▸ Raw data
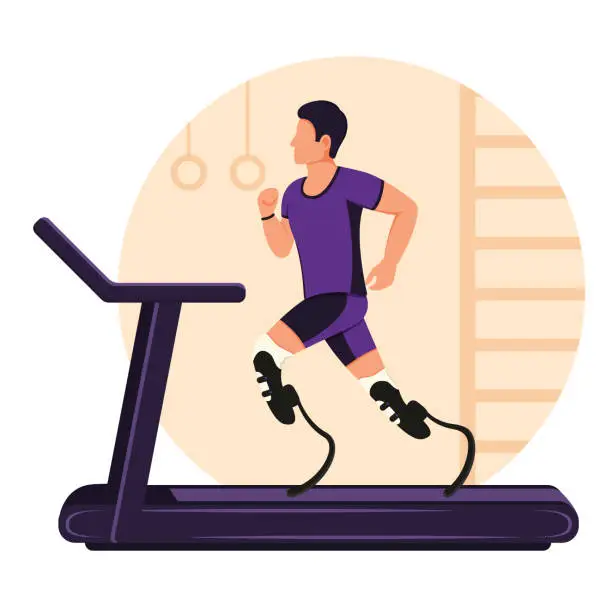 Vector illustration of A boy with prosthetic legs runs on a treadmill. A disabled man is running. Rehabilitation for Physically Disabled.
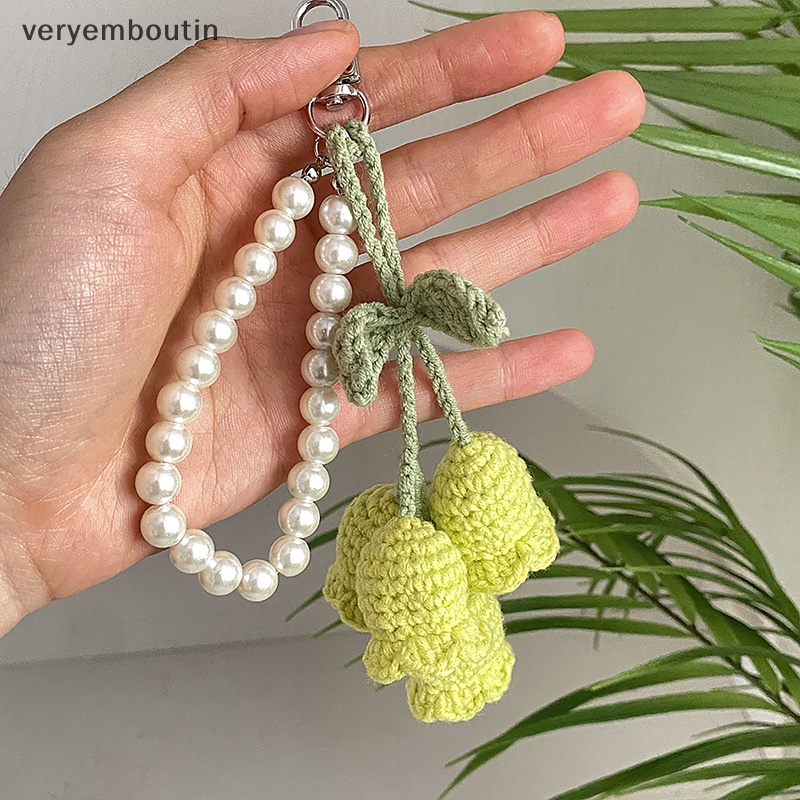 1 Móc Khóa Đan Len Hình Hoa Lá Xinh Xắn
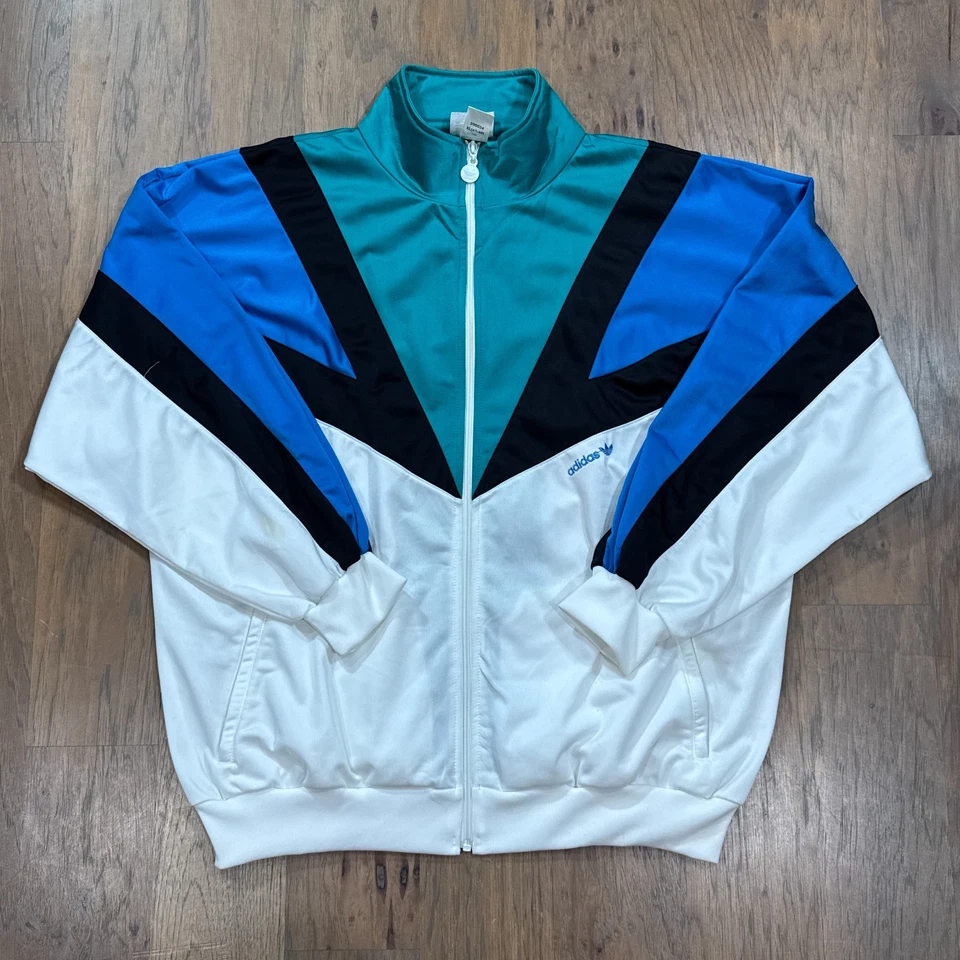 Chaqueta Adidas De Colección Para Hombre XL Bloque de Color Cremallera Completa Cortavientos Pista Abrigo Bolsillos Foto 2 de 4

▸ What the exercise asks
Exactly the lines from the one with "1 Móc Khóa Đan Len Hình Hoa Lá Xinh Xắn" through the end of the listing above are to be repeated, with no pictures.

▸ Answer to this task
 1 Móc Khóa Đan Len Hình Hoa Lá Xinh Xắn
 Chaqueta Adidas De Colección Para Hombre XL Bloque de Color Cremallera Completa Cortavientos Pista Abrigo Bolsillos Foto 2 de 4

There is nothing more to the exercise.